As with the other thread, there needs to first be a sit-dow with the other adult in the house (preferably one between the adults, then another involving the DD) to outline/thrash out what is on offer in terms of support, and where the red lines are for each of you. OP a little easier for you to establish boundaries here since it's not your DD but you do need to be on board (which you seem to be). DD is going to need to be told in very firm words what the expectations on her will be from now, about keeping her room tidy and preparing to welcome a baby into her and your lives.

You all also need to talk to and with the other people who live in the house - not scaremongering about how all fun will stop as soon as the baby closes its eyes, but some gentle scenarios so it doesn't come as a complete shock.

Good luck!

Rinatinabina · 29/03/2022 07:26

Yeah it will affect the whole household, tbh if she’s going to be staying at home and dead set on continuing pregnancy all you can do is draw boundaries.

I would say though that babies do have a way of growing on you so perhaps the best way to look at it is you may end up quite fond of the baby at some point.
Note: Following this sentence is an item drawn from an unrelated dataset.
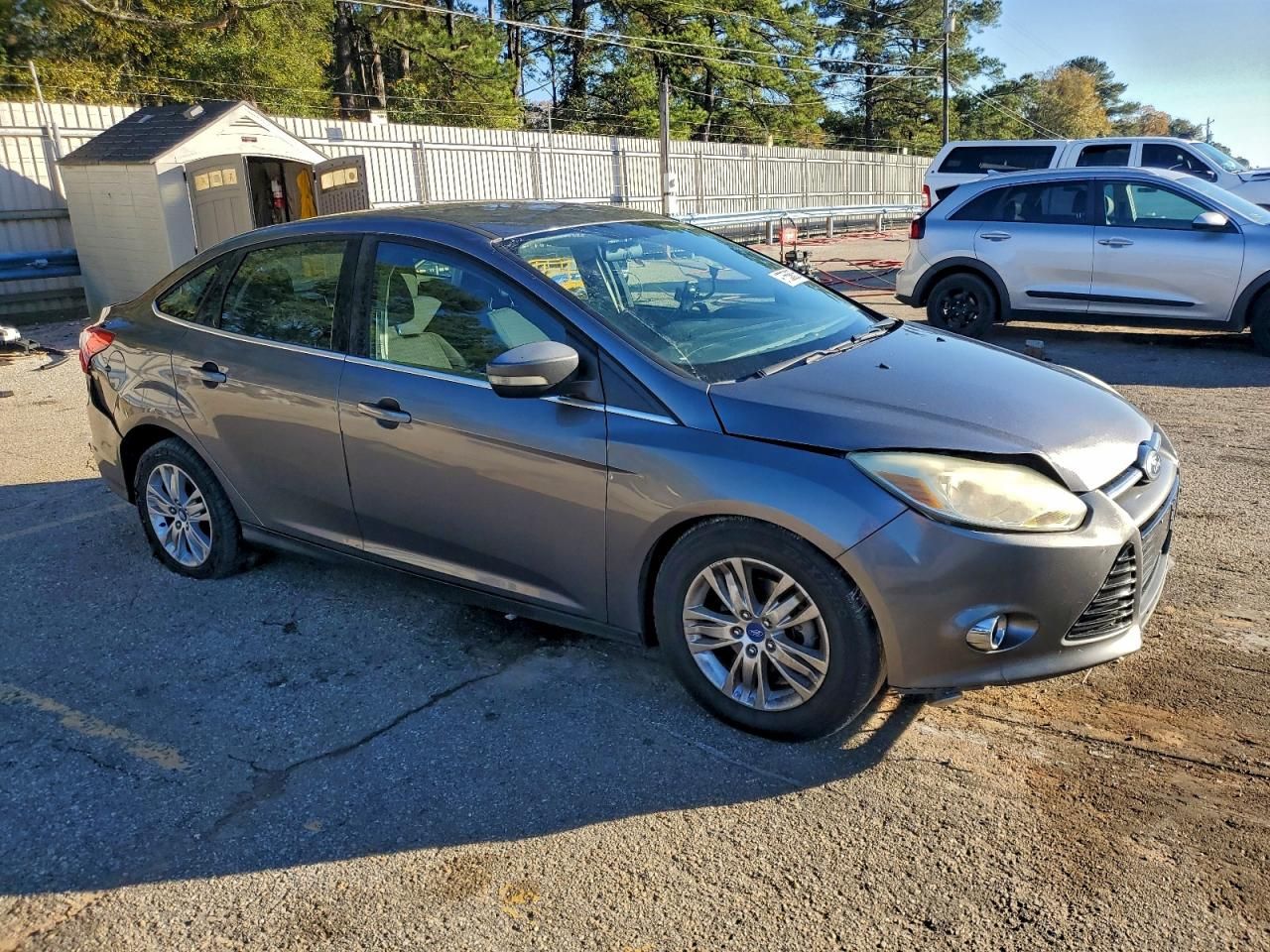 2012 Ford Focus sel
But yeah no-one is going to get any sleep for a while. I don’t blame you really for not being happy.

SunflowerTed · 29/03/2022 07:28

@Clymene

If you don't want the baby, have nothing to do with the baby. It's her baby, not yours. You don't have to help in any way
Get a grip
Flickflak · 29/03/2022 07:29

This reply has been withdrawn

Message from MNHQ: This post has been withdrawn

SunflowerTed · 29/03/2022 07:31

@needingpeace

Does she want to keep the baby? I think this is a terrible imposition on you and the rest of your family. She’s making this huge decision that affects all of you and I think it’s perfectly reasonable to express that you aren’t happy about it. Why didn’t she use protection? Was she trying to get pregnant. I think these questions have to be answered. Can you support her to move out and find her own place?
Totally agree
SunflowerTed · 29/03/2022 07:32

@OppsUpsSide

I don’t know whether you are being unreasonable or not, but this is why I stay single. I wouldn’t be interested in the “whataboutme’s” and I definitely wouldn’t be interested in discussing whether my DD should continue with the pregnancy or trying to influence her. I would just view you as an inconvenience during a difficult time.
This isnt about you
Annette32123 · 29/03/2022 07:35

@Jellybellyfun88

It depends how you view it. I think a new baby could very well bring the family together in a more loving way.
Why do you think the family needs to be brought together in a more loving way? Nothing suggests it’s not already a loving family.

Not wanting a baby screaming in your home day and night for months is hardly unreasonable. Op has done that phase. She doesn’t live in a sound proof box. If the baby is in the house, the entire household will be impacted.